In the United States, about 94 percent of our total land has already been domesticated by a dense network of roads and highways. These roads connect cities, subdivisions, airports, mines, tree plantations, farms, country homes, theme parks, and recreational destinations. Even many national parks - once viewed as refuges - are internally fragmented by roads. And road creation continues at an ever-growing pace on our public lands.

It is undeniable that many roads benefit the economy. But what's the downside? Does a civilized nation need vehicular access to every remote peak, every clear stream?

Consider the effects of roads on wildlife. While roadkills are the most visible and poignant, the most significant impacts are less obvious. The negative effects of roads are particularly felt by sensitive species in the backcountry. Biologists have discovered that where there is more than three-quarters of a mile of road for every square mile of habitat, animals such as native fishes and grizzly bears are unlikely to survive. The average road density on currently logged federal forests is about two miles of road per square mile of forest.

In addition, old and abandoned logging roads make it easy for poachers to supply the black market demand for animal body parts used in traditional Chinese medicine, resulting in the illegal killing of thousands of bears and other animals. The same forest roads provide ample access to all-terrain vehicles (ATVs) that too often create new, illegal tracks through sensitive habitats like streams, wetlands, and birthing grounds for deer and elk. ATVs and other noisy off-road vehicles also spread the seeds of harmful plants.

Road building in our national forests is also costly in economic terms. Logging roads are heavily subsidized. The Forest Service's own accounting system confirms that the timber from US forests is sold at a loss because logging roads are built at government expense to encourage corporate logging. Taxpayers pay for the difference, while logging companies keep the profits.
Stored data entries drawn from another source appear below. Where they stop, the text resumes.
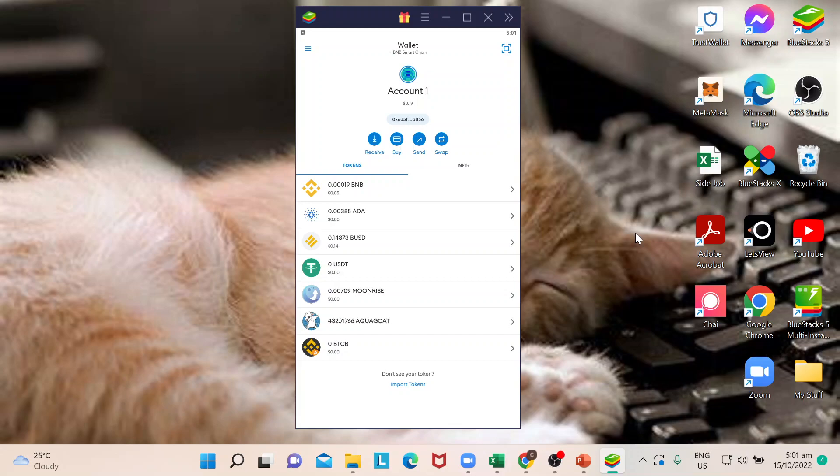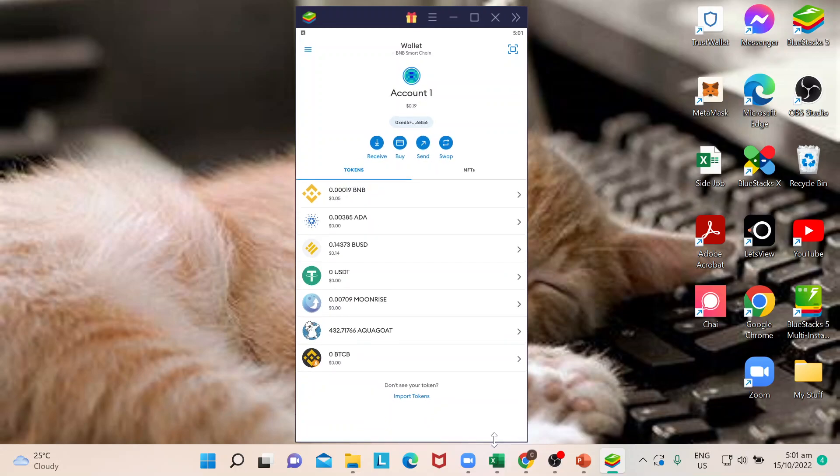Hi guys, welcome back to our channel. In today's episode, I will show you simple steps on how to unlock your wallet in MetaMask. Let's begin. First things first, we need to make sure that we are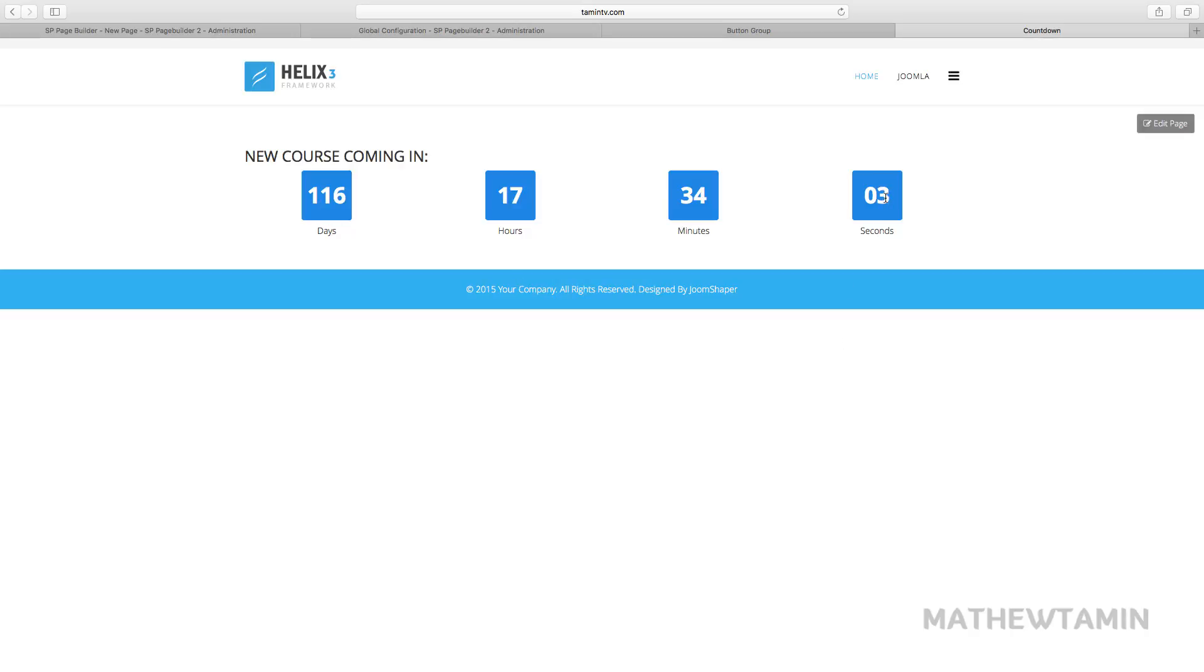There's 116 days, 17 hours and 33 minutes. So this is really great. Let's say you're having a webinar and this is something too that I use when I'm designing my sites for myself, for clients.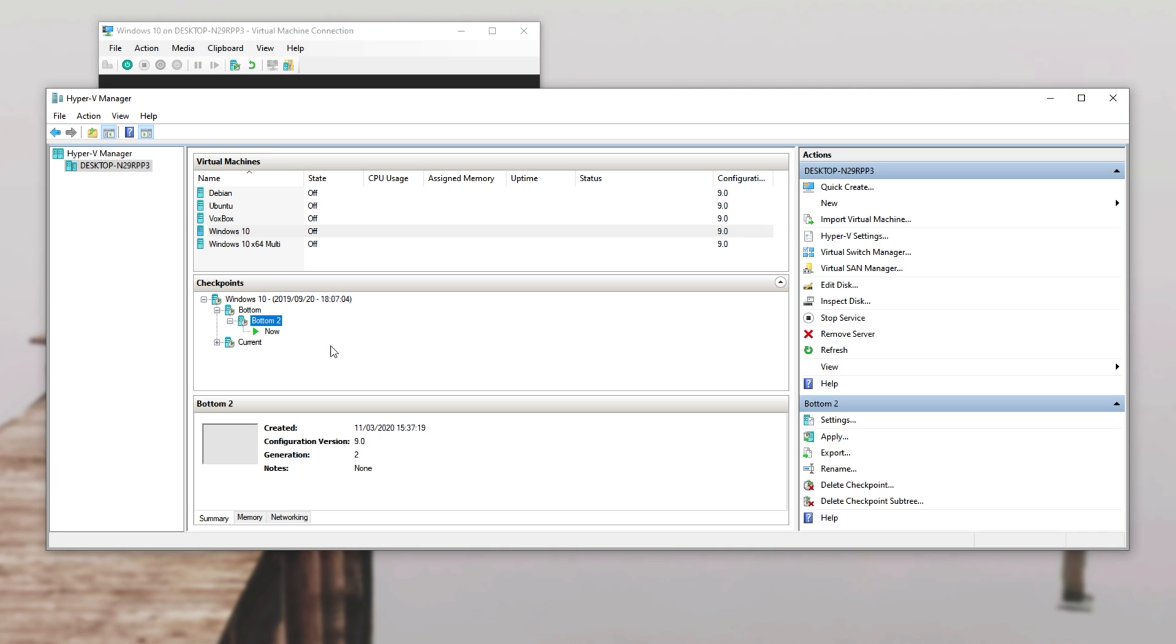Either way, this is your way of versioning your virtual machines and it's incredibly useful for having save states that don't take too much space.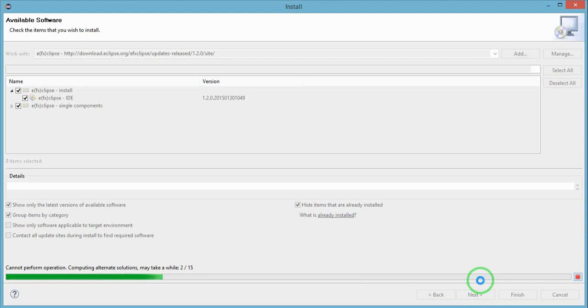This is a required step for us to successfully work with JavaFX in Eclipse IDE, so we should just wait for the installation to complete.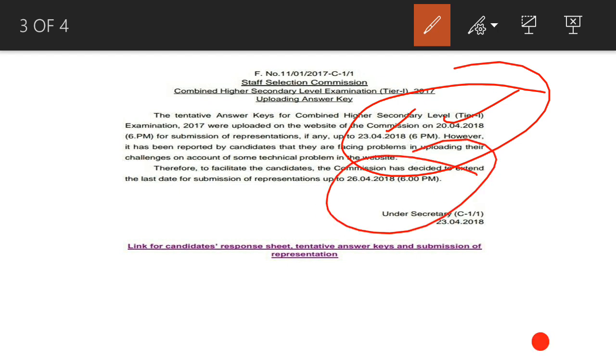So you will have 3 days - the 24th, 25th, and 26th. You will have 3 days to send your representation with your data and supporting pages.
Politicians argue in Congress that road-building projects create jobs. But do the benefits of these pork-barrel projects outweigh their high cost to taxpayers? The prohibition of all logging in the roadless areas identified in President Clinton's proposal would cut only 820 timber-related jobs in the entire US, including Alaska. And the impact on total US timber supply would be less than one-half of 1 percent.

In spite of these facts, the US Forest Service is trying to use the "jobs" ploy to convince the president to exempt the Tongass National Forest in Alaska from the proposed roadless policy. The Forest Service plans to sell 540 million board feet of timber in Tongass roadless areas in the next five years - bestowing a taxpayer subsidy of $1 billion to the logging companies. Logging industry lobbyists argue that 300 timber jobs would be lost in southeast Alaska without this excessive welfare.
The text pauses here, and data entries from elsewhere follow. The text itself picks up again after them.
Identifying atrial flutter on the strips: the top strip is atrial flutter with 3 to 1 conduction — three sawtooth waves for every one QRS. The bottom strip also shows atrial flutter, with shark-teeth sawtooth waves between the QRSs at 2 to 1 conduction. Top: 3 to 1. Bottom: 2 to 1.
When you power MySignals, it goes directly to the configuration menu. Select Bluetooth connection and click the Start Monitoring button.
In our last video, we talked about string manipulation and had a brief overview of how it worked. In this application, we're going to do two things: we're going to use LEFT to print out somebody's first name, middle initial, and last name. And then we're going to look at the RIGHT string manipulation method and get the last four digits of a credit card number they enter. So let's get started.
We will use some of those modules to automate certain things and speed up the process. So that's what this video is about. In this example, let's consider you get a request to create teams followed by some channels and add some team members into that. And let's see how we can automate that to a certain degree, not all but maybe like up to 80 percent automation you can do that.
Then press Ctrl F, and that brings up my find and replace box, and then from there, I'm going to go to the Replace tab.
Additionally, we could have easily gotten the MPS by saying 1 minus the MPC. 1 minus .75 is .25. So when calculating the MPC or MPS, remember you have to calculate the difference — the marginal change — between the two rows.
The Forest Service is also trying to keep the proposed roadless lands open to logging, mining, oil and gas development, using helicopters instead of surface vehicles. This violates the spirit of the roadless proposal and would destroy the ecological, wildlife, spiritual, and recreational values of these lands for generations.

The point is this: Whether you are a conservationist worried about saving the last vestiges of wild nature, a fiscal conservative concerned about wasting taxpayer dollars, a bird-watcher or hunter disturbed by the disappearance of wild places, or an animal lover horrified by the highway carnage, the administration's "roadless area initiative" (absent the US Forest Service's amendments) is a good thing - for recreation, for nature, for our descendants, and for the future of the republic.

Dr. Michael Soule is professor emeritus of environmental studies at the University of California, Santa Cruz, and science director of the Wildlands Project.